This is a further reason to lay out the manual annotation process of DiÖ. In contrast to the automatic annotations discussed in Section 3.1, the manual annotation process functions quite differently, both on the level of the data model of the cooperative online research database and on the level of tag design for individual annotations. Picking up the discussion in Section 2.2, the data model is explained in more depth before turning to the general semantics of the tags used, which is then further illustrated using examples of individual tags and the tagging process from research from DiÖ.

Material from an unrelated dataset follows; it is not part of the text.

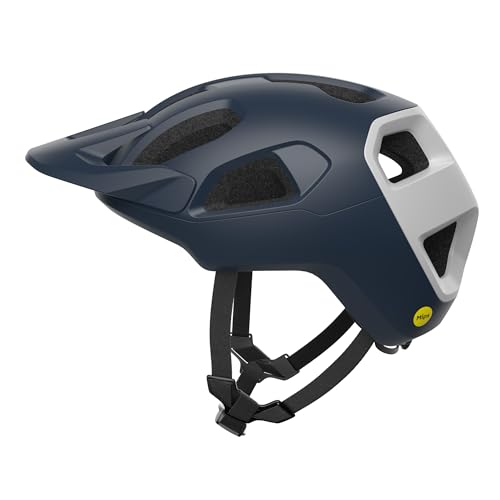 POC Cularis MIPS – Ultralight MTB Trail & XC Helmet with MIPS Air Node, Advanced Ventilation, Extended Protection, Breakaway Peak, Fidlock® Magnetic Buckle & 360° Fit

Figure 1 above lays out a (simplified) database diagram of how the manual annotations are handled within DiÖ. As mentioned in Section 2.2, annotations are not directly given to either individual word-tokens or half sentences, but rather to a different entity in the data model, which are termed “answers”. These answers may consist of a response from a language production experiment[2], or one or more word tokens from a transcript of a free speech setting. Thereby, we assign the annotations to answers that contain the relevant tokens or responses. This has the benefit that these answers act as entities that unify the heterogenous data sources (word tokens from transcripts, responses from language production experiments). It furthermore allows for annotating several word tokens as one answer, which is immensely helpful for the annotation of linguistic phenomena beyond the individual word level, such as syntactic structures like the passive. Additionally, it leaves the primary language data intact.
Another important entity within the database scheme is that of the tags themselves: these are, in contrast to the part of speech tags (see Section 3.1), not saved as a varchar-attribute to the individual word tokens[3] but rather as distinct data sets within the database. This annotation method can therefore be considered as a form of stand-off annotation (i.e., an annotation not saved directly in the text itself, such as e.g. TEI-coding, where the annotations are set directly in the text). The tagging process itself is thus conceived as assigning an m:n relation between the tags and the answers. There are again benefits to this: it allows for proper documentation of the meaning of individual tags as attributes of an entity within the database, it means that constraints for the combination of tags to ensure well-formed annotations can easily be set, and it furthermore eliminates the issue of mis- or heterogenous spellings of one tag. Moreover, this allows to easily change tags – if researchers become unsatisfied with the definition or name of a tag, only the entry in the table specifying the tags needs to be changed instead of manipulating every instance of the tag, as would be the case with inline annotation.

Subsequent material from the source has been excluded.